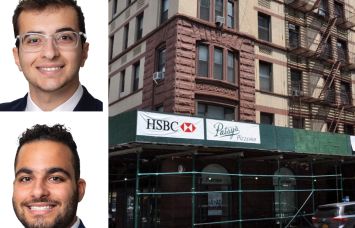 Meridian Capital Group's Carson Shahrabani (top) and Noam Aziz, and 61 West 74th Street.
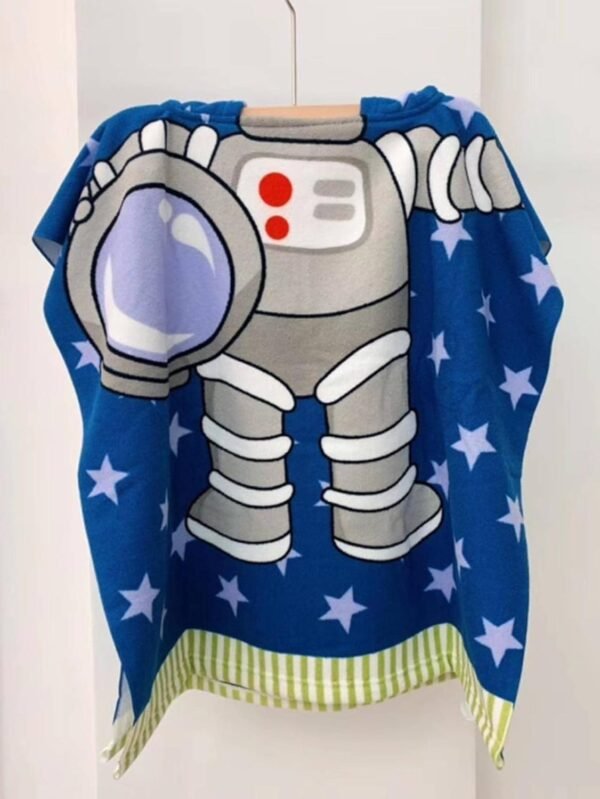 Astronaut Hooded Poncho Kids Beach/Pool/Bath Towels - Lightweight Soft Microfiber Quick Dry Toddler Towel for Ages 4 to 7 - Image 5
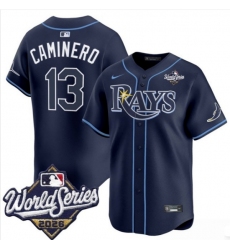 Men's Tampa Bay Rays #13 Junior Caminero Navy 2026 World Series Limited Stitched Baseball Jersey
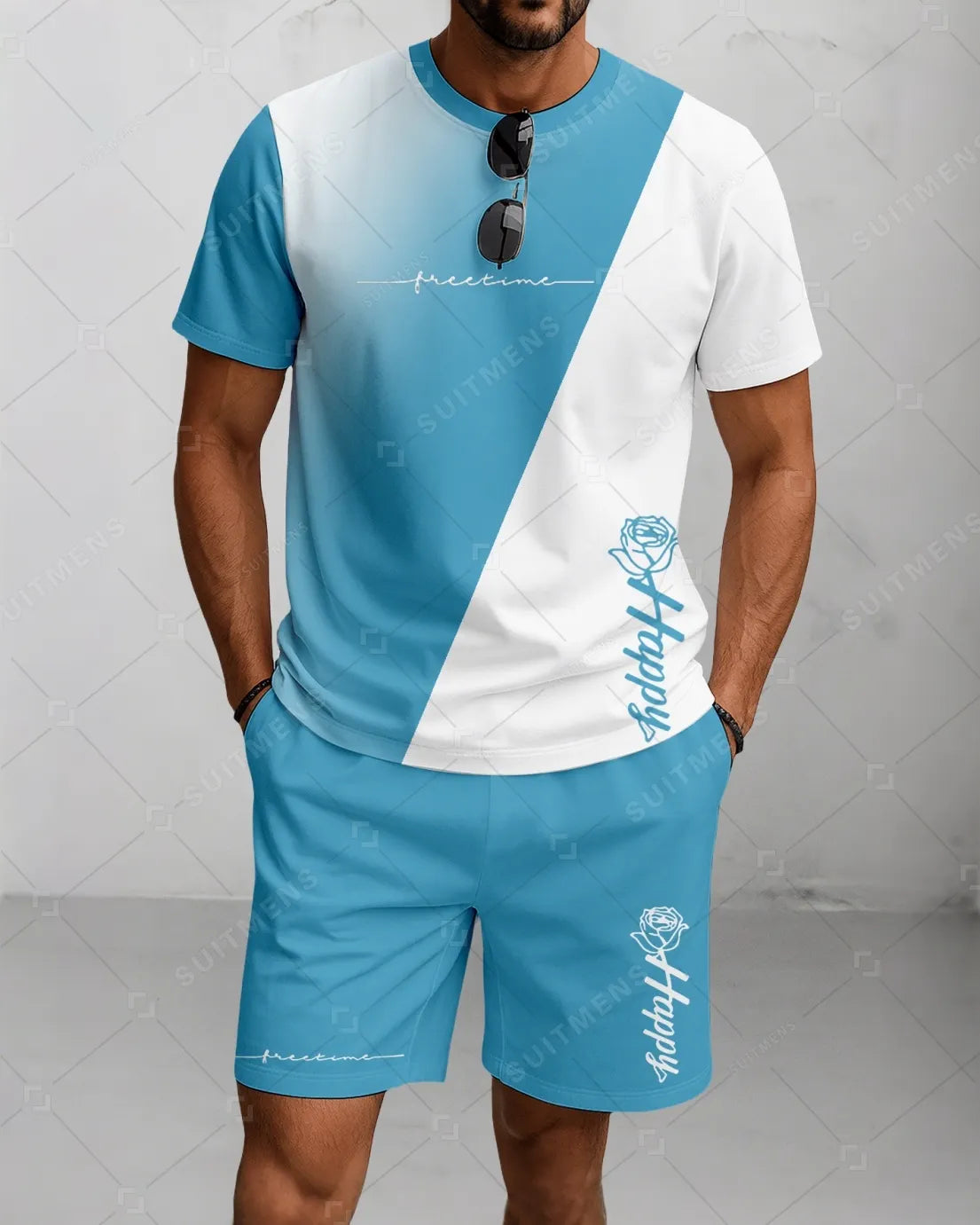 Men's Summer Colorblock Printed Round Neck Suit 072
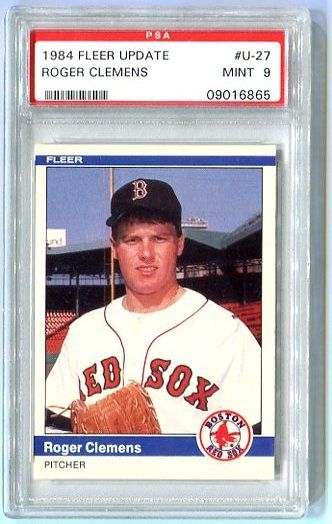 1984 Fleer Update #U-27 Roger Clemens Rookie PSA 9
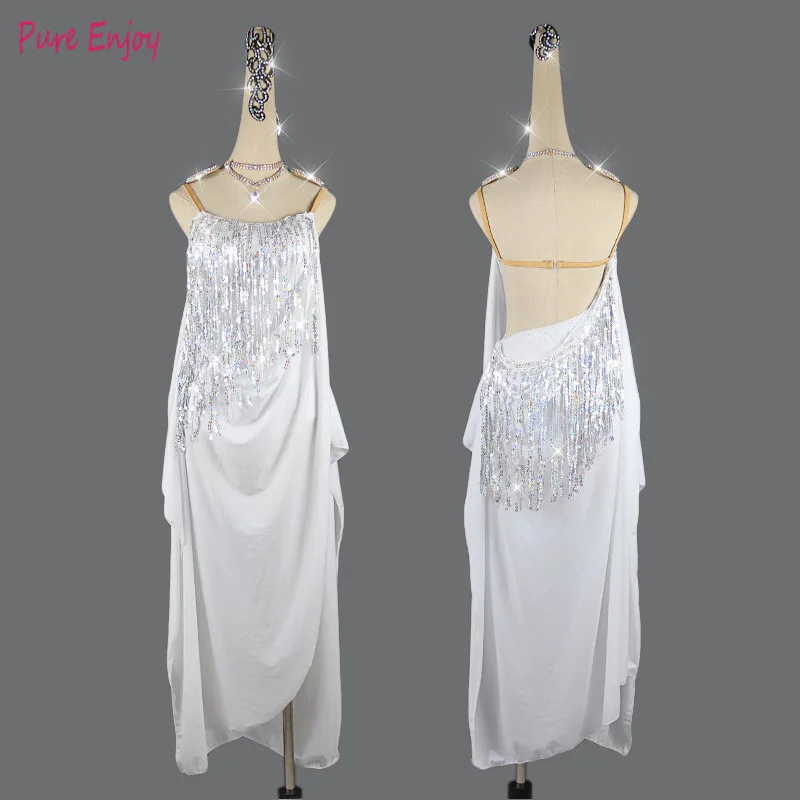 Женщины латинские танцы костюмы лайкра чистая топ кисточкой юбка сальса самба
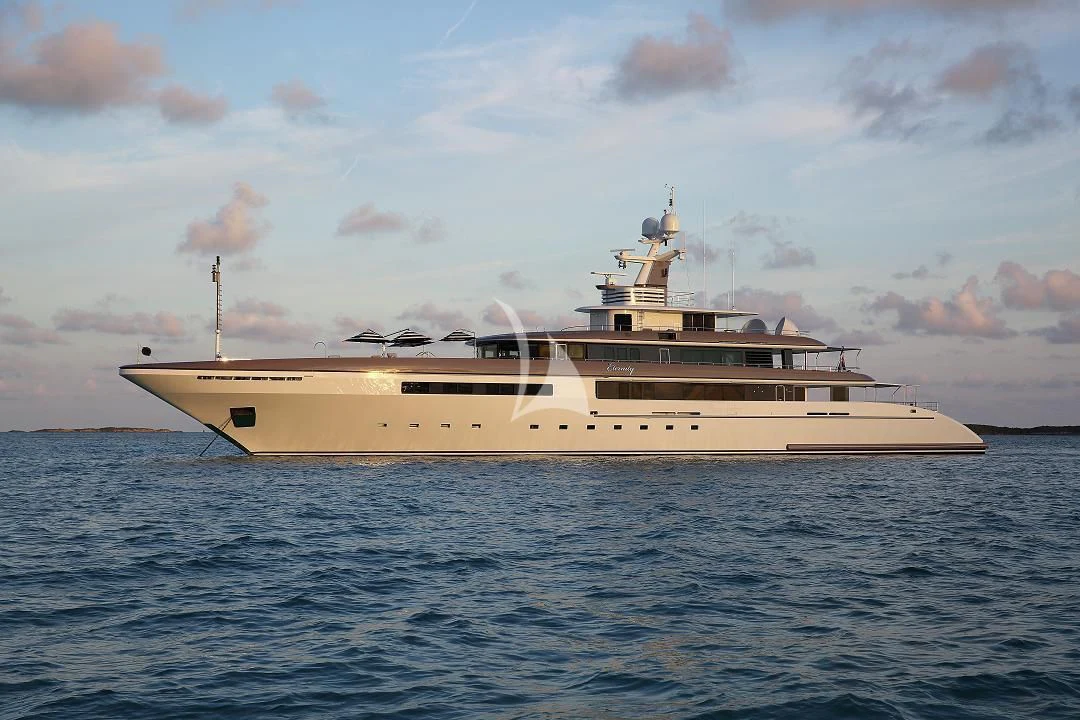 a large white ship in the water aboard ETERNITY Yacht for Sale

--*--

### PROBLEM DESCRIPTION
Set down every entry above exactly as written. Leave out all pictures.

### THE ANSWER
 Meridian Capital Group's Carson Shahrabani (top) and Noam Aziz, and 61 West 74th Street.
 Astronaut Hooded Poncho Kids Beach/Pool/Bath Towels - Lightweight Soft Microfiber Quick Dry Toddler Towel for Ages 4 to 7 - Image 5
 Men's Tampa Bay Rays #13 Junior Caminero Navy 2026 World Series Limited Stitched Baseball Jersey
 Men's Summer Colorblock Printed Round Neck Suit 072
 1984 Fleer Update #U-27 Roger Clemens Rookie PSA 9
 Женщины латинские танцы костюмы лайкра чистая топ кисточкой юбка сальса самба
 a large white ship in the water aboard ETERNITY Yacht for Sale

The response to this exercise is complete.